## Provided data
————————
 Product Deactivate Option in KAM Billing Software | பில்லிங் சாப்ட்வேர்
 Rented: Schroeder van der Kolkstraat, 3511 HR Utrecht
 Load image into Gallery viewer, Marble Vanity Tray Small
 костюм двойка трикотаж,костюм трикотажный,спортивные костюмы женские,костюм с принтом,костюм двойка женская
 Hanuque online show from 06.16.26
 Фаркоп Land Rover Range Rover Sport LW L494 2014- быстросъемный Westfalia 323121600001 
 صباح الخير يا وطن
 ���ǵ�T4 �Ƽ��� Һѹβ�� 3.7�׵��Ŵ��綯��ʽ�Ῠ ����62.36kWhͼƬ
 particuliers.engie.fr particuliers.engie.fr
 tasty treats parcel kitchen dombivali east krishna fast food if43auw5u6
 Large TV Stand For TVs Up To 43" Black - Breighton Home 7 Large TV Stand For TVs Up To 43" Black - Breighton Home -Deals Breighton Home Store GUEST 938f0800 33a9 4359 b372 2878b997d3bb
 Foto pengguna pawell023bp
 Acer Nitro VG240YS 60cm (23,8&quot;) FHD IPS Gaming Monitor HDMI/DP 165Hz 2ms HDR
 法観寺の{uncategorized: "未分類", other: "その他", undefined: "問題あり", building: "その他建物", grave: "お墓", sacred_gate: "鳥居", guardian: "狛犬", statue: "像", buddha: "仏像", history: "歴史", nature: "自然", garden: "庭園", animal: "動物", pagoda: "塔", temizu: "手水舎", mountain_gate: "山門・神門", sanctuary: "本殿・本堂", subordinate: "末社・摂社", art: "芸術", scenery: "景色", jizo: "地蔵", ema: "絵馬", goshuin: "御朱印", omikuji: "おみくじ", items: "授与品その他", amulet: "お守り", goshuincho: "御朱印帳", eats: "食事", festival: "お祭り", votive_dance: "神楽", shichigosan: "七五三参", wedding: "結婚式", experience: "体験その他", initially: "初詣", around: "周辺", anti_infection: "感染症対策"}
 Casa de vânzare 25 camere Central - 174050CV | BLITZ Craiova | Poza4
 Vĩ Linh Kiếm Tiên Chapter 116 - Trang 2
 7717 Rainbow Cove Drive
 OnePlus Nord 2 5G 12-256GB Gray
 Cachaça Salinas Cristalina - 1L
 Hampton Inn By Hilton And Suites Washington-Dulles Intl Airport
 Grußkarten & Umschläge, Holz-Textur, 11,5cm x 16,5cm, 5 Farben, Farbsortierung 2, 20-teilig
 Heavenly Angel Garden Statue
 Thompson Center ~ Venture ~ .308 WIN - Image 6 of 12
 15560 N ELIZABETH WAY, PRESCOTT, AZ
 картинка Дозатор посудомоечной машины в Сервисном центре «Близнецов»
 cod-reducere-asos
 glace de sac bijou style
————————
## Work task
Repeat exactly, and only, the lines from the one containing "OnePlus Nord 2 5G 12-256GB Gray" through the last line above.

## Answer to the exercise
 OnePlus Nord 2 5G 12-256GB Gray
 Cachaça Salinas Cristalina - 1L
 Hampton Inn By Hilton And Suites Washington-Dulles Intl Airport
 Grußkarten & Umschläge, Holz-Textur, 11,5cm x 16,5cm, 5 Farben, Farbsortierung 2, 20-teilig
 Heavenly Angel Garden Statue
 Thompson Center ~ Venture ~ .308 WIN - Image 6 of 12
 15560 N ELIZABETH WAY, PRESCOTT, AZ
 картинка Дозатор посудомоечной машины в Сервисном центре «Близнецов»
 cod-reducere-asos
 glace de sac bijou style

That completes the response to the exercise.